Это – вера, что испытания нам посланы недаром. Мы заслужили.
И, кажется, еще немного, и мы узнаем, зачем мы живем, зачем страдаем. Если бы знать, если бы знать! – тогда есть смысл в страданиях. Легче, если знаешь ради чего. А иначе просто мучаешься, как собака, сбитая машиной. Она лежит на асфальте переломанная, не скулит, плачет, и никто не останавливается, чтобы помочь.
Заборы! Слово прежнее, а реальность неузнаваема. И двести лет назад, и сто, и всего лишь двадцать пять – это был штакетник. Высота полтора метра; от соседской коровы, чтоб не забрела на грядки с клубникой. От соседских мальчишек такой забор не помогал – мы перелезали легко. Тряханешь чужую яблоню, градом сыплется белый налив, за пазуху, и назад. Сидишь на бревнышках у колодца и поешь хулиганскую песню:
Тогда нам казалось, что это – дворовая, блатная. Теперь понятно, что это – чеховская песня, соединившая “Дядю Ваню” и “Вишневый сад”.
Сейчас все снобы и остальные жители планеты, которые продолжают ездить по Рублевке и ее окрестностям, видят невероятный прогресс, достигнутый свободной Россией. Заборы высотой в пять, шесть, семь метров. И это не штакетник, сквозь который всё видно. Кирпичные или стальные стены, без щелей. Наверху колючая проволока.
Человек, который так себя огораживает (а кроме колючей проволоки, там еще видеокамеры, патрули с автоматами и помповыми ружьями), человек этот живет в тюрьме, в зоне. А дети его растут в непрерывном ужасе: ведь такой забор и охрана – это значит снаружи страшные враги.
Какая прекрасная могла бы быть жизнь! Зачем она погибла? Зачем погубили?
Если наши страдания не напрасны, если они ради чего-то, то хотелось бы знать эту Великую Цель.
А пока – ты один мне надежда и опора – великий прекрасный, хоть и изуродованный русский язык. Не будь тебя, как не впасть в отчаяние при виде всего, что совершается дома. А ради чего?

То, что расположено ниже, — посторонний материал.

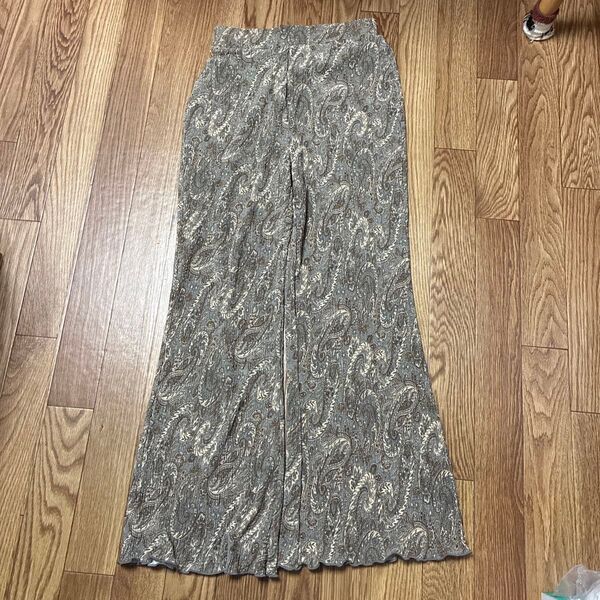 Lutiqueプリーツ パンツ 総柄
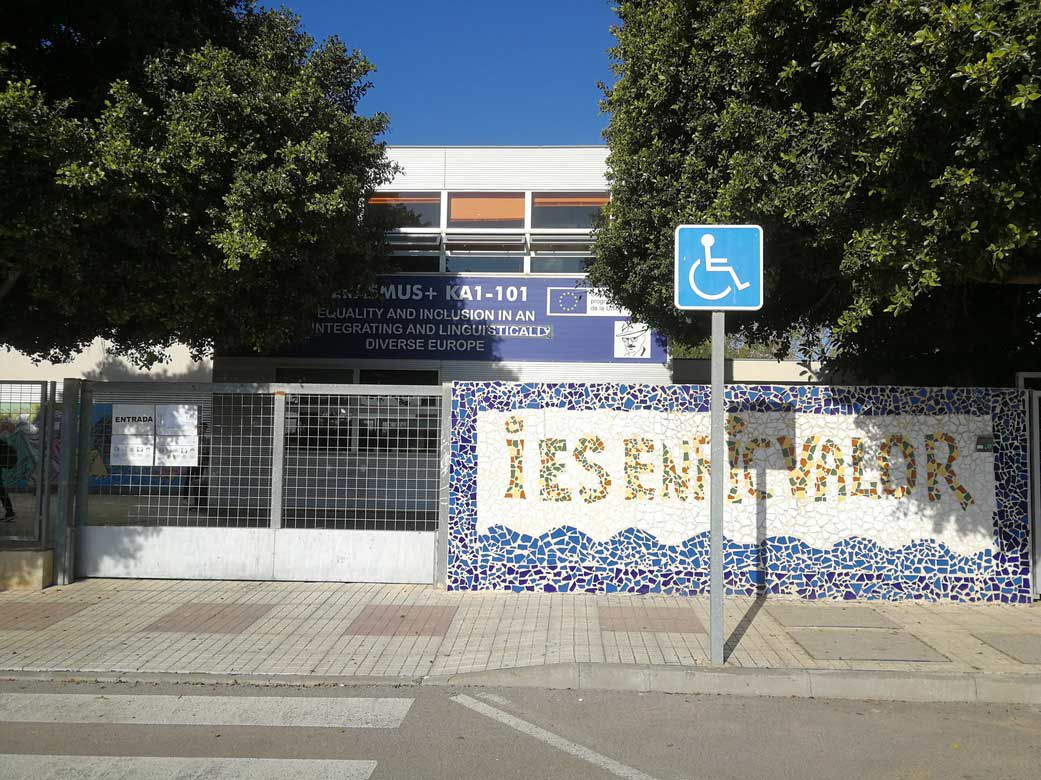 Exterior del IES Enric Valor de El Campello - 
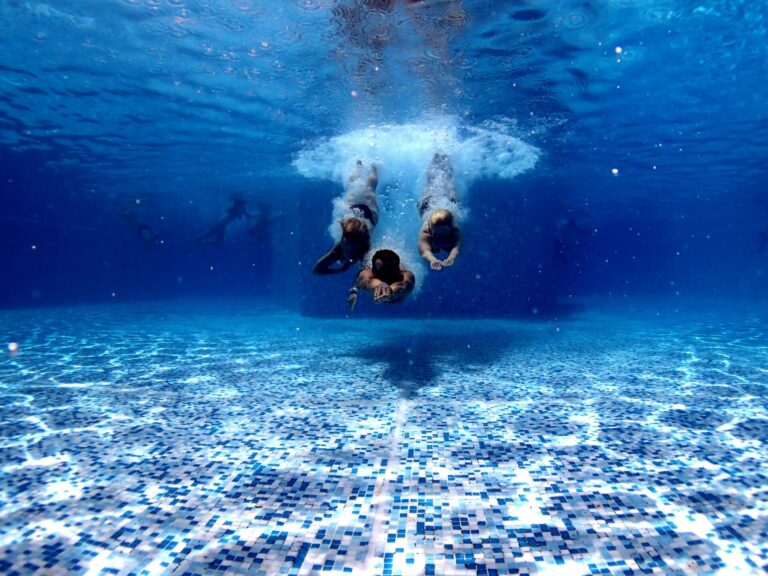 pool liner installs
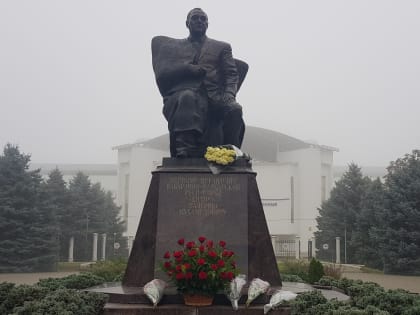 К памятнику Валерия Кокова возложили цветы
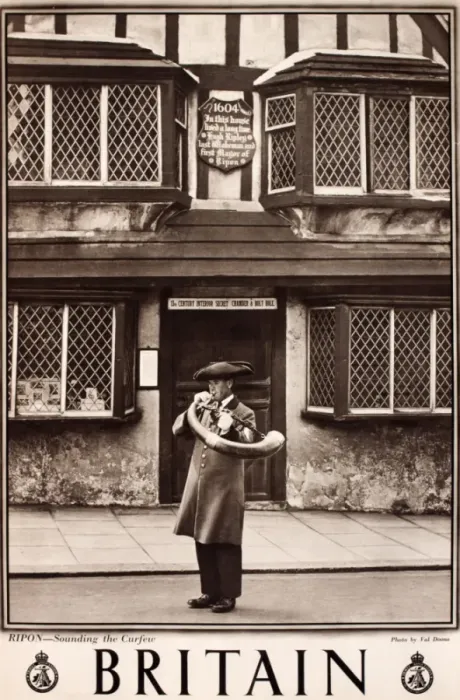 Framed Print : Britain poster, Ripon, Sounding the Curfew Framed Print : Britain poster, Ripon, Sounding the Curfew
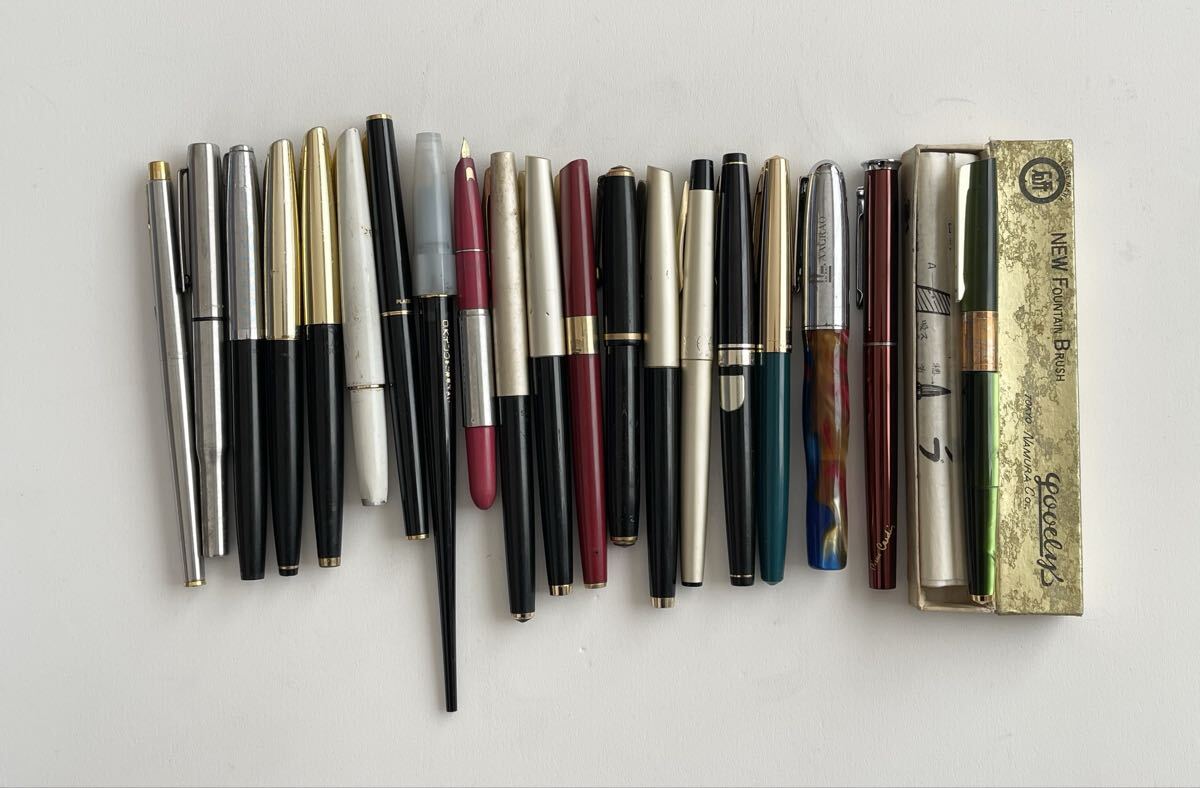 【ジャンク】 筆記用具まとめ　万年筆　ボールペン　万年毛筆　 PILOT PLATINUM PARKER Sailorなど　ペン先21、14K 、18Kなど　現状渡し_画像1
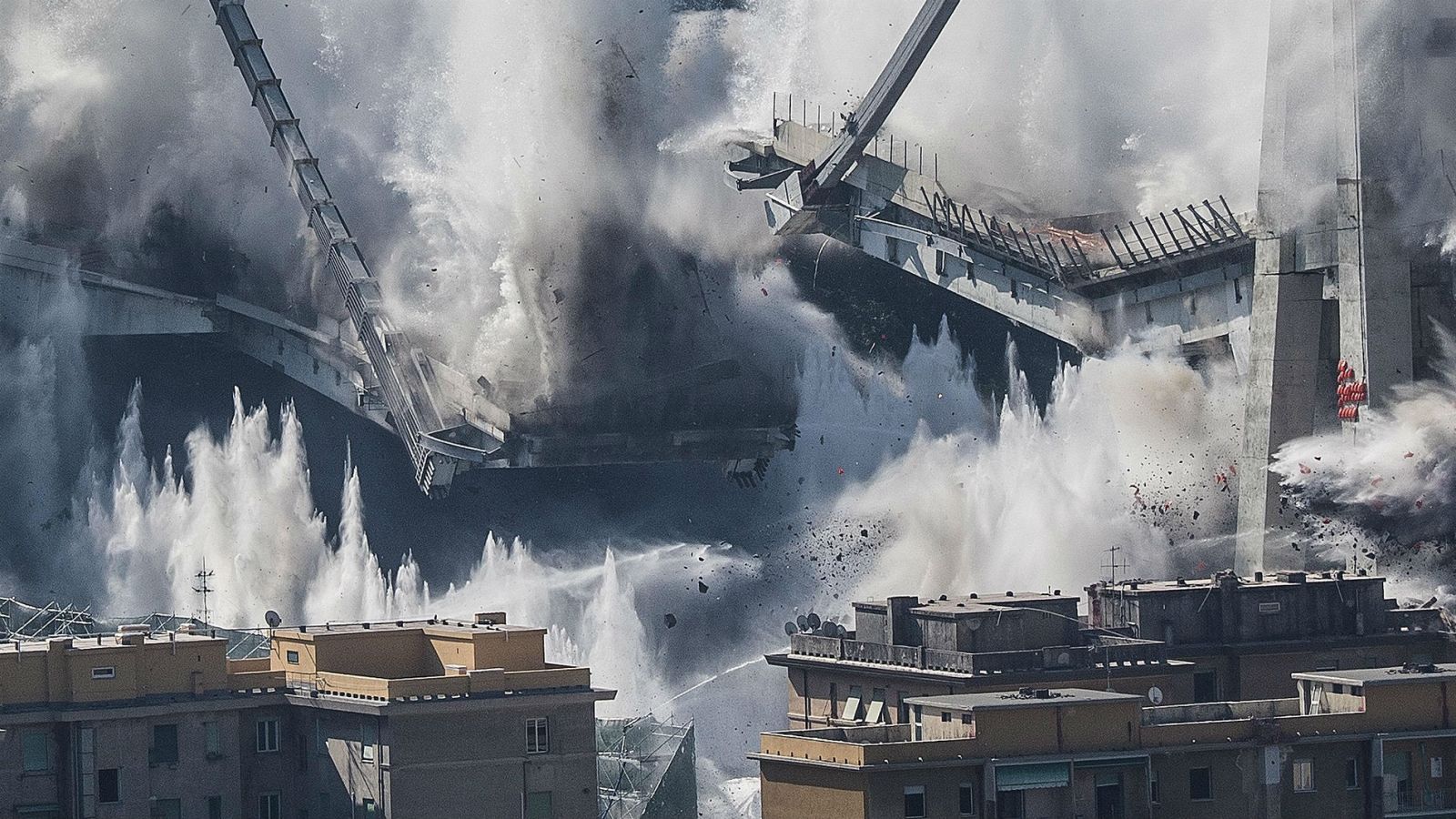 Italia - Demolido el puente de Génova cuyo derrumbe causó 43 muertos - RTVE.es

Если бы знать, если бы знать!
Немолодой и некрасивый
Анна Матвеева
Вчера утром снова упал самолет, полторы сотни людей погибло – в том числе два оперных певца и двенадцать малолетних детей. Я не боюсь летать, откуда-то знаю, что смерть моя – пешеход и земледелец, но когда самолеты падают, путешествие становится опасным независимо от тебя. И очень жаль погибших – представляю, как они боялись опоздать на рейс, радовались, что рядом в салоне свободное место…
Мама недовольна— она считает (справедливо!), что я слишком часто оставляю семью без присмотра, а тут еще на целый месяц. Она, впрочем, и сама ездила в свое время по всему СССР, а мы с папой оставались без женского пригляда то на неделю, то на две.
Олег попросил не будить его ночью – ему и так придется вставать ни свет ни заря, провожать в школу Ленку. Сейчас я закажу такси – и тоже лягу, посплю хотя бы пару часов.
Клеродендрум собрался цвести – он всегда делает это накануне моего отъезда. Как маленькие дети, которые заболевают именно в тот момент, когда мама начинает собирать чемодан.
Ну вот, я на месте – в этой резиденции для художников. Квартал Марэ – такой особенный Париж, ничего общего с другими районами. Наш администратор Жан-Франсуа сказал, что “руки Османа сюда не дотянулись”. Дома невысокие, улицы узкие.
В прошлый раз, когда я была в Париже, мы даже не смотрели в сторону Марэ – клубились вокруг Нотр-Дама и площади Конкорд. Потом кто-то предложил взять вина и пойти пешком до Башни. Я в кровь стерла ноги новыми босоножками, а потом неудачно упала на смотровой площадке. Это всё было сто лет назад, и тогда я привезла из Парижа два шрама. Один был чуть ниже колена и долго не заживал. Второй проходил прямо по сердцу, его никто не видел, но он был намного хуже первого. Очень тяжело я тогда влюбилась, будто заразилась чем-то, честное слово.